11 June 2018, Sweetcrude, Port Harcourt — Like the “Abiku” phenomenon, the June 12, 1993, Presidential Elections and its fallouts have refused to be excluded from our national political discourse, coming and going as many times as Nigerians experience unwholesome elections, rigging at elections and the frequent perversion of the will of any electorate within Nigeria’s geography.
Last week, President Muhammadu Buhari contributed to the June 12 discourse by awarding the arrowhead of the June 12 struggle and presumed winner of the election, Chief Moshood Kashimawo Olawale Abiola with Nigeria’s highest national honour, the Grand Commander of the Federal Republic (GCFR), posthumously, as the gentlemen died in prison, incarcerated for insisting that the mandate given to him by the Nigerian people in the election be actualised. Also honoured with an award in connection with June 12, was Mr. Baba Gana Kingibe, the Vice Presidential candidate of Chief Abiola’s party, the Social Democratic Party. The Presidency did not state why and Nigerians have continued to voice their curiosity over the motivation behind the awards. Also of curious note is the exclusion by the President of Bashir Othman Tofa and his vice presidential candidate, Mr. Sylvester Ugoh, the candidates of the other party, the National Republican Convention in the elections in the awards.
Days after the June 12, 1993, presidential elections and in the aftermath of the announcement of most of the results, Ibrahim Badamosi Babangida, the self-styled military president and umpire-in-chief of the elections annulled the results, earning for himself eternal condemnation in the hearts of democrats in Nigeria and the world. Babangida was derided by the press and political commentators for the annulment of the electoral contest that was adjudged Nigeria’s fairest and freest. But as the elections and the events that occurred in connection with it come under review again in the backdrop of the announcement of the date, June 12 as a bank holiday, “democracy day” in Nigeria and the insinuations made as to it being an unfortunate political strategy deployed by the President to shore up his waning popularity in an allied constituency, a more comprehensive audit of the causative factors ought to be taken in order for all Nigerians to come to terms that June 12 was indeed a national tragedy as it was a national blessing. There appears to be no dispute that the June 12 presidential elections constituted one of Nigeria’s finest moments, an event in which tribe, ethnicity, and religious affinity were relegated and jettisoned for better considerations. Chief Abiola and his running mate were Muslims but they won in Christian enclaves such as Delta, Anambra, Akwa Ibom and Cross River. They also won in Kano State, Bashir Tofa’s home state.

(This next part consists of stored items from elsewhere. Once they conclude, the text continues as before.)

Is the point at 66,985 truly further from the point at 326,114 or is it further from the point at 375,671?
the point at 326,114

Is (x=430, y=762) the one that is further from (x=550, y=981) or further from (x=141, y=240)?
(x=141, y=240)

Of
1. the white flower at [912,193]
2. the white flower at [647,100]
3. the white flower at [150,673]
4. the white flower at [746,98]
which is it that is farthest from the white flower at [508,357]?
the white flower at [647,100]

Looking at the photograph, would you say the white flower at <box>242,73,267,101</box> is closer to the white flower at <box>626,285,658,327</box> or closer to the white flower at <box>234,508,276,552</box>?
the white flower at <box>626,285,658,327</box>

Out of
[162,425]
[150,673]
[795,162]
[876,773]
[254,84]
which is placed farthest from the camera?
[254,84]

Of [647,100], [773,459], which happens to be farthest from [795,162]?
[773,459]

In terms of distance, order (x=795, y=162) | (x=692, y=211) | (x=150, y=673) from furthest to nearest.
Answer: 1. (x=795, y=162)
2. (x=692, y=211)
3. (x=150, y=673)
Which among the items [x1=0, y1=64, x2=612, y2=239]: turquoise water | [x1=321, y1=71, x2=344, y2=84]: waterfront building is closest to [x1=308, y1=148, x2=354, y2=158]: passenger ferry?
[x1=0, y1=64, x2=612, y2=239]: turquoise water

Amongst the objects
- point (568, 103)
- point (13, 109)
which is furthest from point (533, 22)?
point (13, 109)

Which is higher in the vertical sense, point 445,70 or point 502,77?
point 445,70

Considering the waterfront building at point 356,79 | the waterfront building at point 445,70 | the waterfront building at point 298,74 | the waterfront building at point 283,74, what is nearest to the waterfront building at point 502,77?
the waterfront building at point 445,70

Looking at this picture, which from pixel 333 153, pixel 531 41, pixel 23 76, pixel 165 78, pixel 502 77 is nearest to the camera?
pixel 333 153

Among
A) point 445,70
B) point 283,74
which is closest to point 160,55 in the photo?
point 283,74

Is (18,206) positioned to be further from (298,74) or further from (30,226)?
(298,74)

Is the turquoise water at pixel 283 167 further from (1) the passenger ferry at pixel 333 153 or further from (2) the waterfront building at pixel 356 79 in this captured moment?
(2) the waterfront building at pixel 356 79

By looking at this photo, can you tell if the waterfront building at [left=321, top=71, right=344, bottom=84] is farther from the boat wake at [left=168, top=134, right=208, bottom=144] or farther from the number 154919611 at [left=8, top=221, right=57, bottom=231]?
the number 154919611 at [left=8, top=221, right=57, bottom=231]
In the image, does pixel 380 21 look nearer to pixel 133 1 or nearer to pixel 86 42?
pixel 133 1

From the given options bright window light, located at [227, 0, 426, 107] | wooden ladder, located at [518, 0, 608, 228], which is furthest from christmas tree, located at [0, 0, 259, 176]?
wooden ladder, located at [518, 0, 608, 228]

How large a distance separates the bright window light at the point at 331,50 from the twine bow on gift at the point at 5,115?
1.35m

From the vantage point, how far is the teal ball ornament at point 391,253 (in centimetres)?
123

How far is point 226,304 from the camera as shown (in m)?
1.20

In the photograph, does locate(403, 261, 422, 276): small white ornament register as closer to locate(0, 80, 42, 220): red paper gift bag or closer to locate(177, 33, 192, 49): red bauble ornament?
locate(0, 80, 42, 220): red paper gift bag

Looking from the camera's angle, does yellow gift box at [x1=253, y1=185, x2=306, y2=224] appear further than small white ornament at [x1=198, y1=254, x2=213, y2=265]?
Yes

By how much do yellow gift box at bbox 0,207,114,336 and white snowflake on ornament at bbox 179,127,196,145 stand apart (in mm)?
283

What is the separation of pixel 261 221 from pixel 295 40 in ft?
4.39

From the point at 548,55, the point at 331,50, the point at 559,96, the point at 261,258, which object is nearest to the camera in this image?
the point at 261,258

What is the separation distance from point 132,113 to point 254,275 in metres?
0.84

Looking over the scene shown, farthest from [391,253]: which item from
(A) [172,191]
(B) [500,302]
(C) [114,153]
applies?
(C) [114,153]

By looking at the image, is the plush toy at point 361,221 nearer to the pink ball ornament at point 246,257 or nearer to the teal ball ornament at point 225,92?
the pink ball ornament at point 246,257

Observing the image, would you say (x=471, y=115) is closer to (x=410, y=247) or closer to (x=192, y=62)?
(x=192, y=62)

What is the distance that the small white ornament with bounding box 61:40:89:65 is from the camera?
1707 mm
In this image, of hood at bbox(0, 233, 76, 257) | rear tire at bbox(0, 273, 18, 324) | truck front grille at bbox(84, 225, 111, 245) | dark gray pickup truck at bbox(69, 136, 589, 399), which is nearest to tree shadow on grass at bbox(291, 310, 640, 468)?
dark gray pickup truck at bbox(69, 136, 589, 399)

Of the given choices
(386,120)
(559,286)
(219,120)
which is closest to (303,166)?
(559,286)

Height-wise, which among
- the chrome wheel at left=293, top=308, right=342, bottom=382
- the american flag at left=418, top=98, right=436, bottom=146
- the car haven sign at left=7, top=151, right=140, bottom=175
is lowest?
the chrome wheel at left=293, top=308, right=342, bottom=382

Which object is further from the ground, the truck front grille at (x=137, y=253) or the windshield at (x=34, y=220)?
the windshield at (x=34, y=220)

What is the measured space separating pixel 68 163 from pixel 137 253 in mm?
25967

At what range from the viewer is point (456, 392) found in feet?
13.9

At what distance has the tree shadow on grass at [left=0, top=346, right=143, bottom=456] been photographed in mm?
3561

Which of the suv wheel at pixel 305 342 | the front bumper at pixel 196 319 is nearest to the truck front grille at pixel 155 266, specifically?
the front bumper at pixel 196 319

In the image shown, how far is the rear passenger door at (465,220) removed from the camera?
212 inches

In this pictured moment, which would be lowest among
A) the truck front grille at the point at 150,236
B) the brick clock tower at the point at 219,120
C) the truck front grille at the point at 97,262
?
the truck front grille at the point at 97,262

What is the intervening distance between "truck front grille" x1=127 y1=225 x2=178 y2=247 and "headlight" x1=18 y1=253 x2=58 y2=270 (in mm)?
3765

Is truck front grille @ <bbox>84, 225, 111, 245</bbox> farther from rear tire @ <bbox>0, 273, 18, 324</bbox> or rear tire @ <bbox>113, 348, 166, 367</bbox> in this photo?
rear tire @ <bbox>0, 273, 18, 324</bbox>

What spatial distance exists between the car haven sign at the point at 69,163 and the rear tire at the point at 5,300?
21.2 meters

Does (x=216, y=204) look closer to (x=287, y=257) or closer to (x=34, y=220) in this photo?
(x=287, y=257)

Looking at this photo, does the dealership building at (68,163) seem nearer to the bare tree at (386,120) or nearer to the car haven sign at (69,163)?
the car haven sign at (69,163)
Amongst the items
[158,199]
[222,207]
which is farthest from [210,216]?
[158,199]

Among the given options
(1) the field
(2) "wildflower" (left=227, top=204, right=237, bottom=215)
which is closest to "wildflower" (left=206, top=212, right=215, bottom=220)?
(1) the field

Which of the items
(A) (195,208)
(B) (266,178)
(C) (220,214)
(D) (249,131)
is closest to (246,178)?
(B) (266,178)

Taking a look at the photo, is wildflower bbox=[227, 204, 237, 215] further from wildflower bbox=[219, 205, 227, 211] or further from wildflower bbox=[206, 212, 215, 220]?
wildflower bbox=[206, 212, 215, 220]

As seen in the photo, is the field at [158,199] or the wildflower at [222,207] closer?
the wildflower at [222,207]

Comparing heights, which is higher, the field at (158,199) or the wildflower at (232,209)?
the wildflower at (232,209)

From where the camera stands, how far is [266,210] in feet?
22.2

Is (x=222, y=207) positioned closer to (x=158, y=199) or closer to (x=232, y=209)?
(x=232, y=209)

Gen. Ibrahim Babangida let it be known that though he was ultimately responsible for the annulment of the elections, he had been warned at the pain of losing his life against handing over to Chief Abiola by military officers such as Gen Sani Abacha, Lt. Gen. Joshua Dogonyaro, and Brig. Gen David Mark. According to the military president, these men were also prepared to kill Chief Abiola in the event he was sworn in as president. And then the horse trading and betrayals followed. Baba Gana Kingibe, Ebenezer Babatope and other members of Chief Abiola’s Social Democratic Party assured the world that they and their leader had agreed to forego June 12 and form a government of national unity. They, therefore, agreed to be drafted into national offices under Ernest Shonekan, a Christian from Chief Abiola’s Ogun State. Many legal scholars at the time argued that with the exit of Baba Gana Kingibe, Chief Abiola’s vice presidential candidate, the mandate given to their joint ticket had been undermined irreversibly. Again many SDP stalwarts swore that Chief Abiola had consented to his party men’s inclusion in the proposed government of national unity, a claim that was denied by Chief Abiola. Apart from this development, the National Republican Convention’s governors who had been elected and sworn into office about sixteen months before the June 12 elections vowed to secede from the Nigerian State, if the election results were released and Chief Abiola was announced as the winner, not minding their disparate geographical locations. Of course, certain that the results of the contest were not in their favour, Tofa’s NRC joined the cacophony of negative voices demanding the nullification of the results of the contest. Not to be outdone, the ethnic and religious bigots who had gone to sleep or been lulled into momentary patriotism by the fervor of the moment realised their “error” and took firm positions behind Gen. Babangida and all those who desired to undermine the best electoral contest Nigeria had experienced.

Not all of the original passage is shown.